As an exercise in creative and social empowerment, What's Your Story? can be located within a clearly defined tradition in British photography, pioneered by groups like the Hackney Flashers Collective, in which artistic initiative stems directly from community need. It was also a successful realisation of Street Level's three cardinal commitments as an artists' organisation: the presentation of high quality work by practising photographers; the dissemination of skills through direct involvement; the expansion of its audience base through the use of non-gallery venues. Quite apart form the question of how well it did all of these things, What's Your Story? was a benchmark achievement for Street Level, a paradigm of everything it stands for as a force in contemporary visual culture in Scotland.
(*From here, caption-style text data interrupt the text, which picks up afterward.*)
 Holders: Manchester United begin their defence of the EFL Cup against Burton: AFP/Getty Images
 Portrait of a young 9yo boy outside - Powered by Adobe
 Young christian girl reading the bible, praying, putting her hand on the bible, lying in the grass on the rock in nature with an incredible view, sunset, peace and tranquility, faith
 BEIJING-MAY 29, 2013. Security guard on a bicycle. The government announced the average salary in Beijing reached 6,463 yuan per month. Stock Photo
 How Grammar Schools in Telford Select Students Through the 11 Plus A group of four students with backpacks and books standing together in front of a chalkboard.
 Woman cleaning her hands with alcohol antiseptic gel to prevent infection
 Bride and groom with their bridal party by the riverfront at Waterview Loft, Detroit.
The choice of Central Station as an extension of the gallery was crucial to the meaning of the project. Here the display consisted of a large U-shaped structure with work hung on both the inside and outside faces. Partially enclosed, the interior space functioned like a miniature gallery in its own right, albeit one accessible to an audience of 'passing traffic' measured in thousands rather than the mere double figures that would normally visit Street Level on an average day. On the exterior walls the work addressed itself more directly to what I suppose we must call the 'public at large', with the legend What's Your Story? clearly visible long before the content of the individual photographs could be made out. The posture of the show was thus challenging without being confrontational, an invitation to anyone willing to make an effort to examine the evidence of a small sector of Glasgow's homeless community, and reflect on its meaning in relation to their own lives.
The day I spent there as an invigilator gave me ample opportunity to assess both the work itself and the impact it was having. From the almost non-stop stream of enquiries, as well as the remarks recorded in the comments book, it was clear that the show had tapped into an immense groundswell of sympathy and understanding. The responses ranged from compassion to anger to outrage, much of it underpinned by a sense of sheer incredulity at the existence of such a problem on such a scale in the middle of what we are told is an unprecedented economic boom.
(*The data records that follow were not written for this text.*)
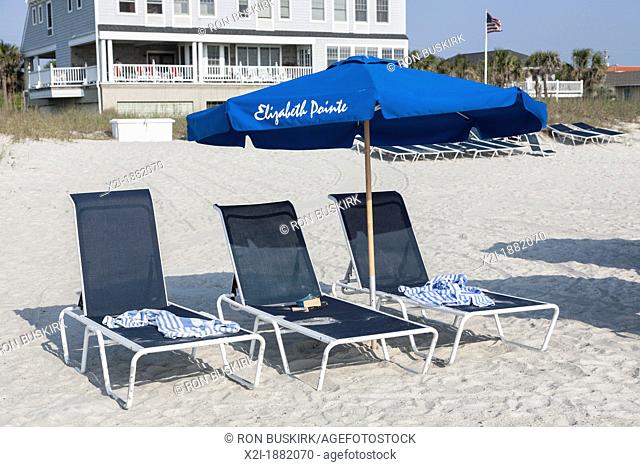 Beach umbrellas line the waterfront at Elizabeth Pointe Lodge resort hotel at Amelia Island, Florida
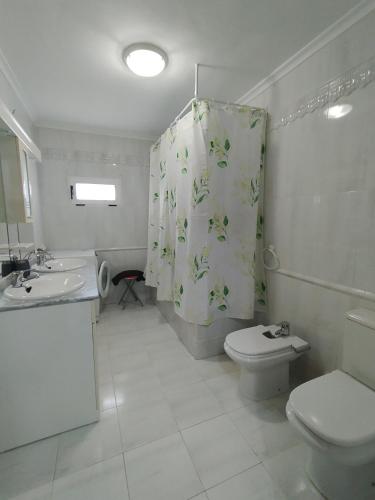 a bathroom with a toilet and a shower curtain at Miradoralaribera Chalet rural in Alcoba de la Ribera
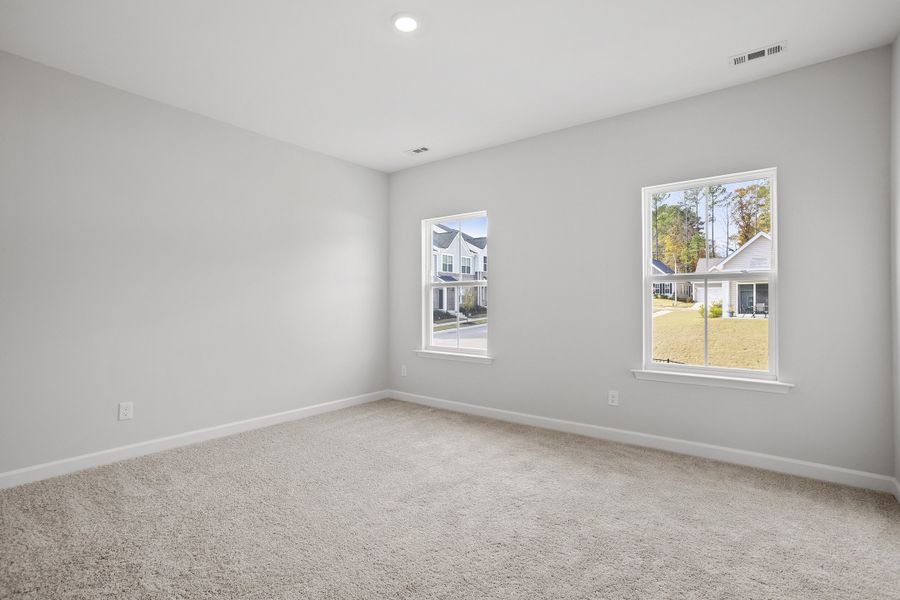 Spacious, unfurnished interior of a new home in Renaissance at White Oak, Garner (Image 21).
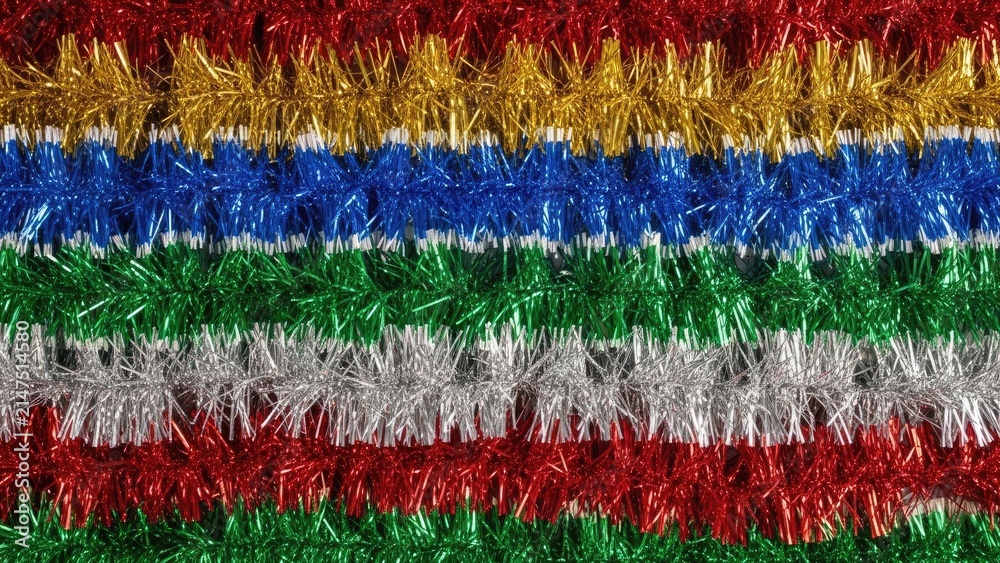 Obraz premium Colorful Christmas tinsel garlands in red, gold, blue, green, and silver stripes for festive holiday decoration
But the biggest surprise was the number of people who claimed to have been homeless themselves at one time or another, and it quickly became clear that the problem was both deeper and more intractably than even the exhibition suggested. This fact had a profound significance for me personally because it triggered a long-buried recollection of my own experience of homelessness, many years ago. True, this was a very brief and entirely voluntary episode - a predictable phase of teenage experience of 'bumming around' before getting down to the serious business of higher education. But it was real enough to know that special form of despair that accompanies the condition of rootlessness, however temporary. I was also reminded of the peculiar significance railway stations acquire at such times. To stand in the concourse of a major station is to witness one of the great rituals of modern life. All around we see the unique drama of people in transit - a drama of tearful farewells and joyous reunions, the brisk purposeful routine of commuters arriving for work. In a railway station the meaning of people's lives is defined by the fact that they have a destination. How blessed they all suddenly seemed. Those who took the time to look at the show that Kathleen Little and her collaborators had placed in their midst were offered, among other things, a confirmation of just how lucky they were to have somewhere to go, and a forceful reminder that such good fortune should never be taken for granted.